In this section we explore the interaction between the motion energy model of V1 directionally selective (DS) neurons (Adelson & Bergen,
1985) and the stimuli used in
Experiment 2. To explore how the motion energy varied across all the orientations, speed and SF's present in our stimulus it was helpful to define a V1 neuron's speed tuning at the ratio between the (peak) temporal and spatial tuning of the neuron (
Equation A2,
1). The full battery of DS filters could then be defined by their direction, speed and spatial-frequency tuning as follows:
-
Thirty-two directions evenly spaced around the clock.
-
Thirteen evenly spaced speeds from 0% (static) to 150% of the carrier signal speed (3.95 deg/s).
-
Eight SFs from 50% to 700% of the peak SF of the broadband carrier signal (0.75 c/deg) in eight half-octave steps.

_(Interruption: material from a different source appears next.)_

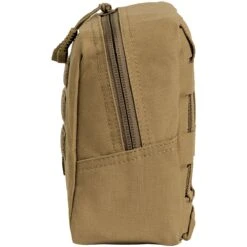 First Tactical Tactix 6x6 Utility Pouch Coyote -Elite Tactical first tactical TactixSeries6x6UtilityPouch COYOTE ALL 3 1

This resulted in the temporal frequency tuning of the DS filters varying across each SF channel (see
Figure 9). The spatial frequency and directional bandwidth of all the model neurons was held constant at 1.5 octaves and 45° (half width and full height) respectively in keeping with the observed bandwidths of primate area V1 (De Valois, Yund, & Hepler,
1982; Snowden, Treue, & Andersen,
1992).
The stimuli were accurate reconstructions of trials used in
Experiment 2 in terms of the aperture positions and the spatial (256 * 256) and temporal resolution (26 frames). However, to avoid the artifacts introduced by the horizontal/vertical pixel raster, the direction of motion on each trial was randomized.

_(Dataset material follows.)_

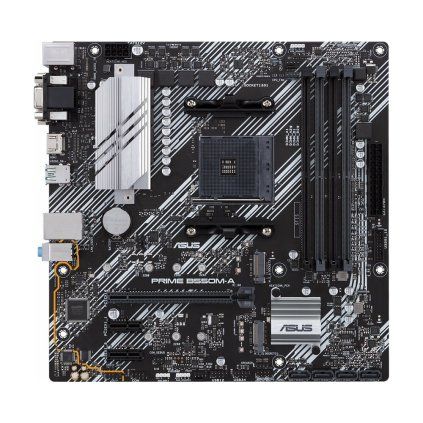 ASUS Prime B550M-A/CSM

Convolution of the signal and sensor took place in the Fourier domain and was inverse-transformed back into the spatial domain. The square root of the sum of the square of the real and imaginary components was taken to represent the motion energy at each point in space for each DS filter, a computation that is formally equivalent to the full rectified square of odd and even phase neurons to generate a phase invariant output (Adelson & Bergen,
1985). A global motion analysis was achieved by collapsing the spatial domain and summing across all DS filters tuned to the same spatiotemporal frequency and direction. Each spatial frequency channel could then be represented as a 2D speed ‘vs.’ direction image (as illustrated in
Figure 9a), in which the intensity of each region represents the global sum of motion energy across DS filters whose velocity tuning is denoted by the regions position in the image. The only filter normalization employed was to divide the output of each neuron by the sum of the absolute of the receptive field across space and time; this had the effect of evening out the expected 1/f spatiotemporal frequency spectrum. No gain control, normalization or inhibition occurred between neurons.
Noise and the sampling rate of neurons were not considered essential to the model output because discrimination thresholds were not derived from the output of the neurons. Additional factor such as the addition of Poisson noise (e.g. Dakin et al.,
2005) would have been necessary if direction discrimination thresholds were to be predicted. Further additional complexity could have been added by varying the bandwidths of the V1 neurons as a function of spatial or temporal frequency as both the physiology (e.g. Bair & Movshon,
2004) or psychophysics (e.g. Burr,
1981) would deem necessary, but this would make the resulting motion energy more complex to analyze. For instance it would be more difficult to ascertain whether the directional bandwidth of the signal was the result of the stimulus or the sensor. By keeping the bandwidth of the sensor constant (in octaves) in the SF domain and constant across the speed tuning of the sensor, the changes in signal bandwidth across these dimensions could be attributed to the stimulus, not the sensor.